- About this exercise -
Reproduce the material that follows, keeping every line exactly as it is.

- Dataset extract -

════════════════

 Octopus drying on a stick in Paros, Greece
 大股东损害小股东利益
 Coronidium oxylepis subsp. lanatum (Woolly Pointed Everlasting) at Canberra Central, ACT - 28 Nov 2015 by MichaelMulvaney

════════════════

- Response to the exercise -
 Octopus drying on a stick in Paros, Greece
 大股东损害小股东利益
 Coronidium oxylepis subsp. lanatum (Woolly Pointed Everlasting) at Canberra Central, ACT - 28 Nov 2015 by MichaelMulvaney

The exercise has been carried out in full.